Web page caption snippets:

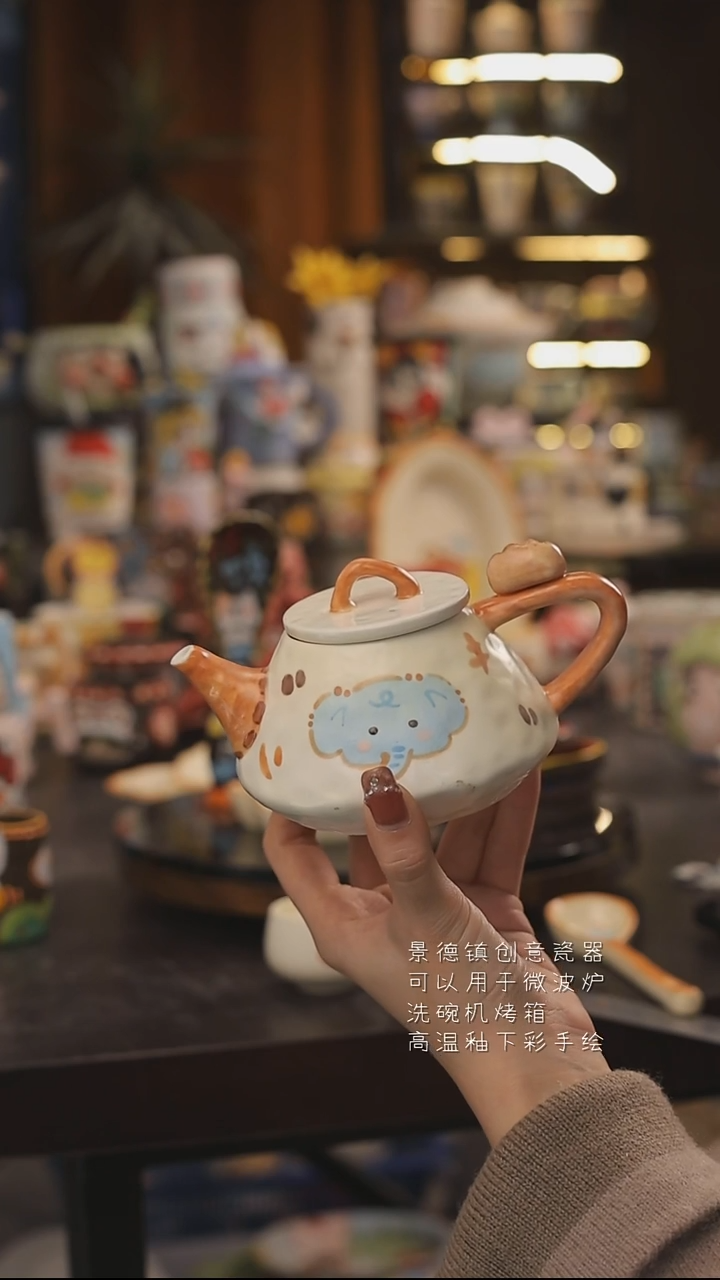 景德镇釉下彩绘设计师款式陶瓷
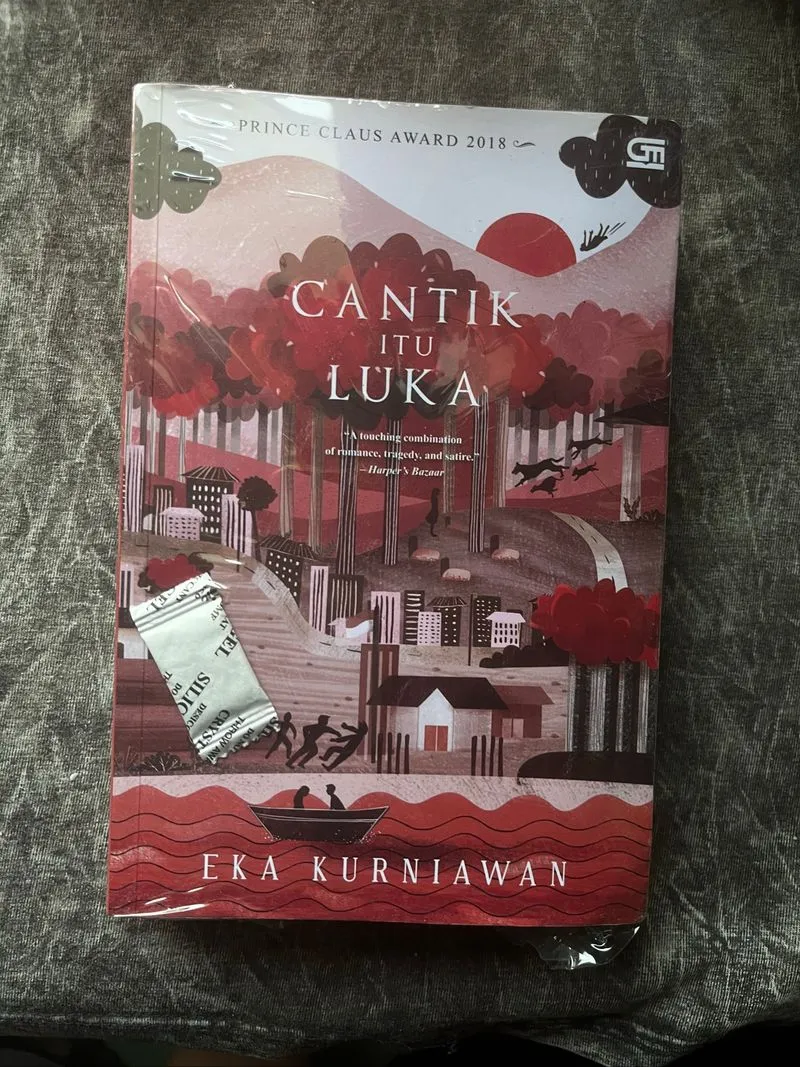 Cantik itu luka novel photo 1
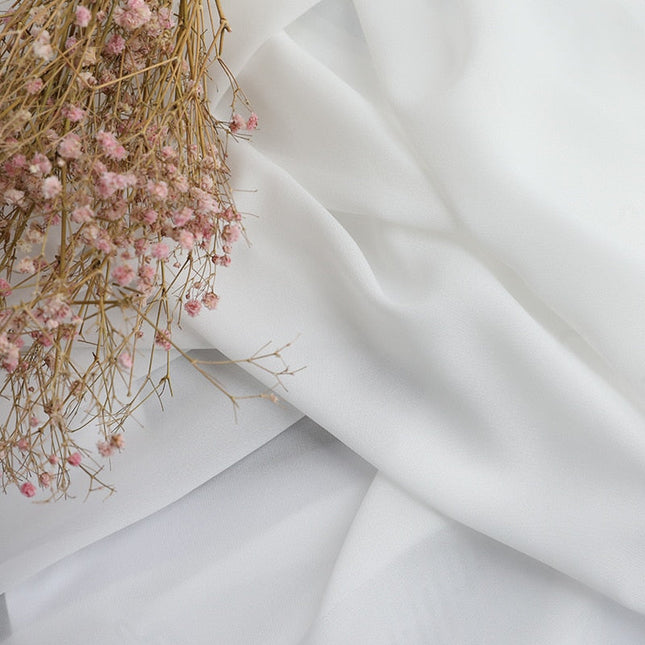 Weißer halbtransparenter Voile Vorhang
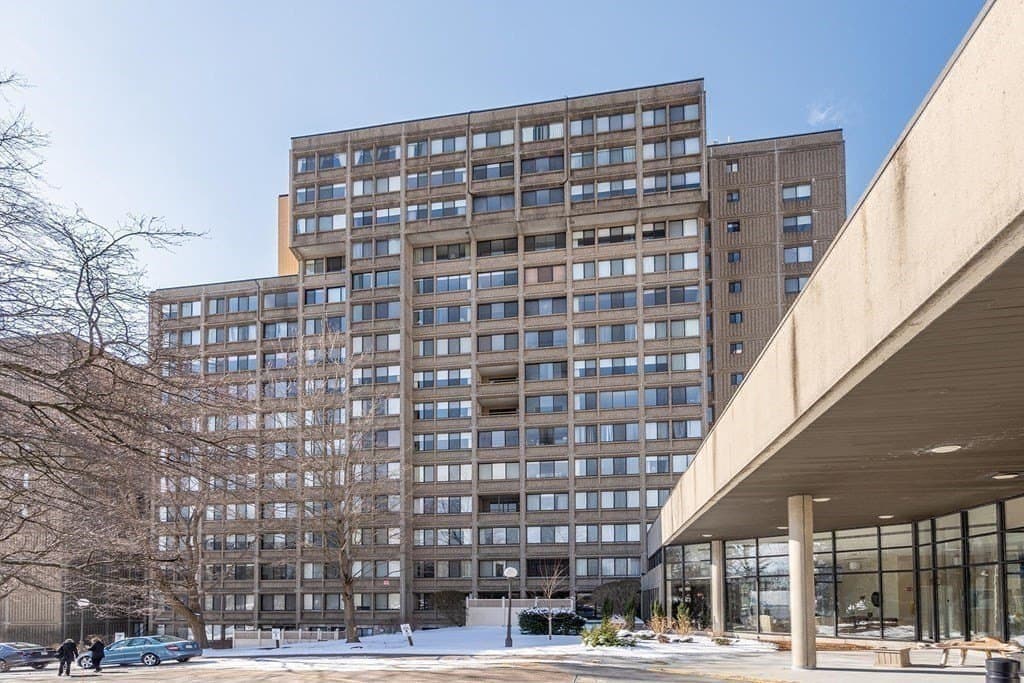 250 Hammond Pond Pkwy Apt 213S, Newton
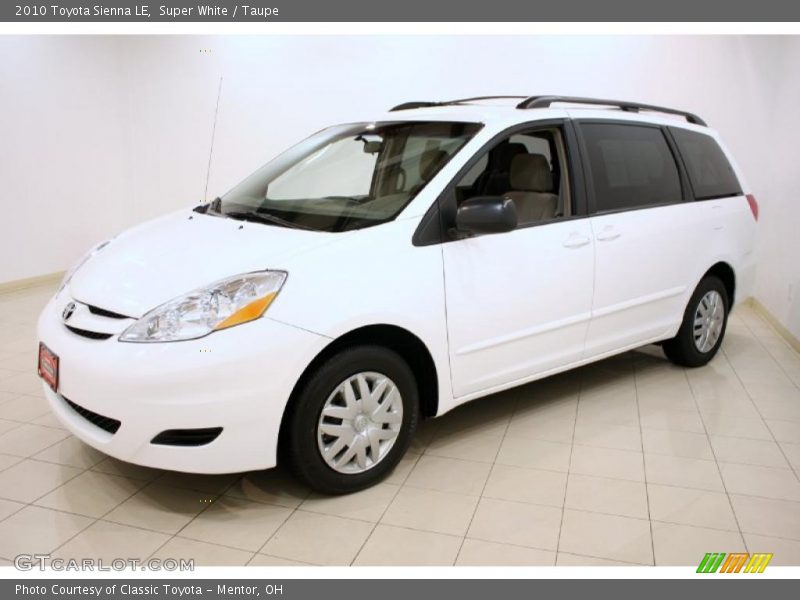Super White / Taupe 2010 Toyota Sienna LE
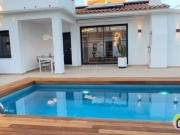 Casa en venta en Marbella, Costabella. Exclusiva Villa a...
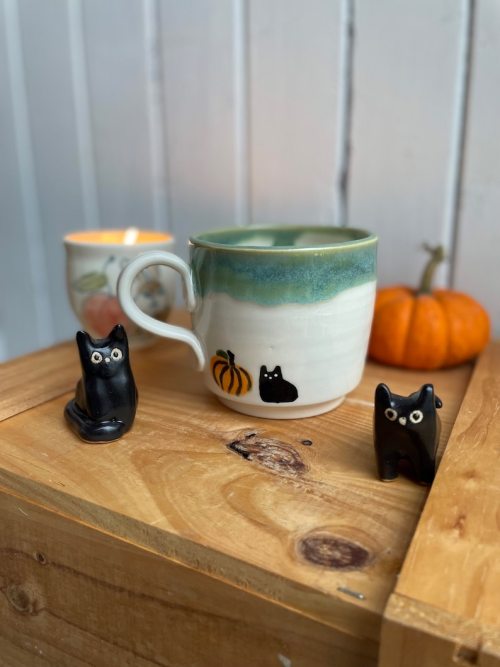  Black cat with pumpkin Halloween Cup // LaMaisonDeLea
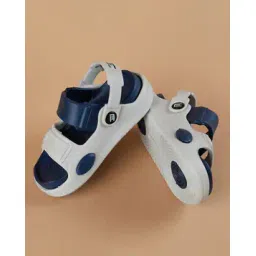 fame forever by lifestyle Boys Open-Toe Slip-On Flat Sandals -picture-20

WHAT TO DO
The line that contains "Casa en venta" begins the range and the last line of the entries ends it; print that range exactly, without pictures.

RESPONSE BELOW
 Casa en venta en Marbella, Costabella. Exclusiva Villa a...
  Black cat with pumpkin Halloween Cup // LaMaisonDeLea
 fame forever by lifestyle Boys Open-Toe Slip-On Flat Sandals -picture-20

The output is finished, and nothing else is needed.